### Aim of the exercise
Each record below needs to be written out exactly as it appears.

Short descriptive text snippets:

*****

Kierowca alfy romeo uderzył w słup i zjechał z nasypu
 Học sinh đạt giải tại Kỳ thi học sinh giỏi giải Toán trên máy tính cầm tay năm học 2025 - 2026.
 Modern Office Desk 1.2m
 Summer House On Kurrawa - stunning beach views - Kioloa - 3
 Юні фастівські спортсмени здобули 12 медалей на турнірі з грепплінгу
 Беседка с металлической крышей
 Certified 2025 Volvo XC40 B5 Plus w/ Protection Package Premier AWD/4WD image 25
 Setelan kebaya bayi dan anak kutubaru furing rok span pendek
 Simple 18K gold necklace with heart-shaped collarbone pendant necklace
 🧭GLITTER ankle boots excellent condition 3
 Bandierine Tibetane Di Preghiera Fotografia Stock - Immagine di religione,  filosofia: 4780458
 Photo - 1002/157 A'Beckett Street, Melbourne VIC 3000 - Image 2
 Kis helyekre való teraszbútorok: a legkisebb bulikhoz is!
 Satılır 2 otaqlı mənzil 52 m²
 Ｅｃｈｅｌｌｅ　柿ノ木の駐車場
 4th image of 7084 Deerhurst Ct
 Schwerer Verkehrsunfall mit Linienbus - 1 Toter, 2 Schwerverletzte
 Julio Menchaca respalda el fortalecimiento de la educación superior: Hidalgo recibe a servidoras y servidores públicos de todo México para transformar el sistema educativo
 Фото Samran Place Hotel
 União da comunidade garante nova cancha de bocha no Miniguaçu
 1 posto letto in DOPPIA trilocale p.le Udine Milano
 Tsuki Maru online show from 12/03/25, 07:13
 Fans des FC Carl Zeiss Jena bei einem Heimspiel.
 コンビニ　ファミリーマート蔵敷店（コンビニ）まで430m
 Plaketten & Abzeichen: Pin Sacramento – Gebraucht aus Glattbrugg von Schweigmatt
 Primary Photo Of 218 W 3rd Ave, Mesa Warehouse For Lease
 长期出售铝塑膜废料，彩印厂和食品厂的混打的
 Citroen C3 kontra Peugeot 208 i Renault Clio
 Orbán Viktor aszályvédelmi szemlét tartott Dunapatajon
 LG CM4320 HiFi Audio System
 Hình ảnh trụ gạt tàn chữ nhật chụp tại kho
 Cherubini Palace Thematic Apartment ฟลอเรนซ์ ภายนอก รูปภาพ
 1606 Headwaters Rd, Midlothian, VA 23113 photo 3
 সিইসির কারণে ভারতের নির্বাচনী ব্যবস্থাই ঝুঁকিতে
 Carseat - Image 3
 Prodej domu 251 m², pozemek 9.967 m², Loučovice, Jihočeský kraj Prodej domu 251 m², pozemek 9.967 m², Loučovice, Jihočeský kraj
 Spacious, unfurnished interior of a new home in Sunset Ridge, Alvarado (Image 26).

*****

### Written answer
Kierowca alfy romeo uderzył w słup i zjechał z nasypu
 Học sinh đạt giải tại Kỳ thi học sinh giỏi giải Toán trên máy tính cầm tay năm học 2025 - 2026.
 Modern Office Desk 1.2m
 Summer House On Kurrawa - stunning beach views - Kioloa - 3
 Юні фастівські спортсмени здобули 12 медалей на турнірі з грепплінгу
 Беседка с металлической крышей
 Certified 2025 Volvo XC40 B5 Plus w/ Protection Package Premier AWD/4WD image 25
 Setelan kebaya bayi dan anak kutubaru furing rok span pendek
 Simple 18K gold necklace with heart-shaped collarbone pendant necklace
 🧭GLITTER ankle boots excellent condition 3
 Bandierine Tibetane Di Preghiera Fotografia Stock - Immagine di religione,  filosofia: 4780458
 Photo - 1002/157 A'Beckett Street, Melbourne VIC 3000 - Image 2
 Kis helyekre való teraszbútorok: a legkisebb bulikhoz is!
 Satılır 2 otaqlı mənzil 52 m²
 Ｅｃｈｅｌｌｅ　柿ノ木の駐車場
 4th image of 7084 Deerhurst Ct
 Schwerer Verkehrsunfall mit Linienbus - 1 Toter, 2 Schwerverletzte
 Julio Menchaca respalda el fortalecimiento de la educación superior: Hidalgo recibe a servidoras y servidores públicos de todo México para transformar el sistema educativo
 Фото Samran Place Hotel
 União da comunidade garante nova cancha de bocha no Miniguaçu
 1 posto letto in DOPPIA trilocale p.le Udine Milano
 Tsuki Maru online show from 12/03/25, 07:13
 Fans des FC Carl Zeiss Jena bei einem Heimspiel.
 コンビニ　ファミリーマート蔵敷店（コンビニ）まで430m
 Plaketten & Abzeichen: Pin Sacramento – Gebraucht aus Glattbrugg von Schweigmatt
 Primary Photo Of 218 W 3rd Ave, Mesa Warehouse For Lease
 长期出售铝塑膜废料，彩印厂和食品厂的混打的
 Citroen C3 kontra Peugeot 208 i Renault Clio
 Orbán Viktor aszályvédelmi szemlét tartott Dunapatajon
 LG CM4320 HiFi Audio System
 Hình ảnh trụ gạt tàn chữ nhật chụp tại kho
 Cherubini Palace Thematic Apartment ฟลอเรนซ์ ภายนอก รูปภาพ
 1606 Headwaters Rd, Midlothian, VA 23113 photo 3
 সিইসির কারণে ভারতের নির্বাচনী ব্যবস্থাই ঝুঁকিতে
 Carseat - Image 3
 Prodej domu 251 m², pozemek 9.967 m², Loučovice, Jihočeský kraj Prodej domu 251 m², pozemek 9.967 m², Loučovice, Jihočeský kraj
 Spacious, unfurnished interior of a new home in Sunset Ridge, Alvarado (Image 26).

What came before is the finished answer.